USCIS provides details on its new policy to interview employment-based green card applicants
As we described in a prior update, USCIS announced it will begin to phase in interviews for employed-based adjustment of status ("green card") applicants effective October 1, 2017. The USCIS press release left a lot of questions unanswered, including whether every applicant for a green card based on an employer's petition would be interviewed, whether this would apply for only applicants who file after October 1, 2017, and how USCIS would be managing these interviews in a timely manner based on current staffing levels. Last week the Office of the Citizenship and Immigration Services Ombudsman hosted a stakeholder call and answered some questions about these new interview requirements.
The CIS Ombudsman's office clarified that cases filed before March 6, 2017 will be adjudicated by USCIS Service Centers under prior procedures, so while it is possible for those cases to receive interviews, applicants who filed before that date only have a 5-10% chance of being called for an interview, as was customary before the new interview policy took effect. For applicants who filed on or after March 6, 2017, USCIS notes it is taking an "incremental approach" to maximize the number of visas allocated this fiscal year. USCIS Field Operations Directorate Dan Renaud did not state each and every case would receive an interview, nor are any categorically exempt, as he noted both principals and derivatives will be required to appear, though USCIS will consider waiving interviews in cases where applicants are under age 14.
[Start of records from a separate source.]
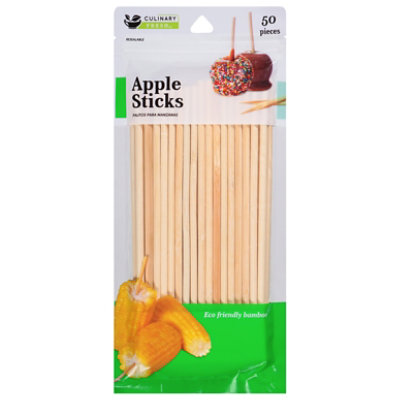 Culinary Elements Apple Sticks - EA - Image 3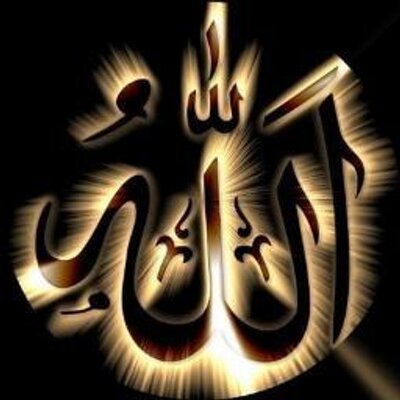 Profile Picture of Anwar Abbas (@anwarabbas13) on Twitter
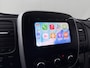 Renault Trafic 1.6DCi Edition Business | Multimedia | Navigatie | Airco | Cruise | Trekhaak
In the stakeholder call, the CIS Ombudsman's office described how it is undertaking training for field officers on Supplement J and how to coordinate with Department of State to manage visa numbers. The agency has instructed and trained officers not to adjudicate I-140 petitions but will assess validity of supporting documentation to ensure it was accurate, bona fide and credible. Applicants should expect to answer questions regarding admissibility and eligibility for a green card, including details about where they work, what they do, and educational background to ensure it matches information previously disclosed to USCIS. Dependents should expect questions regarding their relationship to the principal and should plan to bring evidence of the bona fide nature of their relationship to the interview, as USCIS states the purpose of these interviews is to ensure integrity of the immigration system.
Finally, the CIS Ombudsman's office touched on processing times, noting it expects employment-based adjudications to comprise approximately 17% of Field Operations workloads. In the short-term, USCIS stated it expects processing times will be affected with the greatest impact felt among family-based petitions and applications for naturalization, particularly for cases filed in the top ten busiest field offices: Atlanta, Chicago, Dallas, Houston, Los Angeles, New York, Newark, San Jose, San Francisco, and Seattle.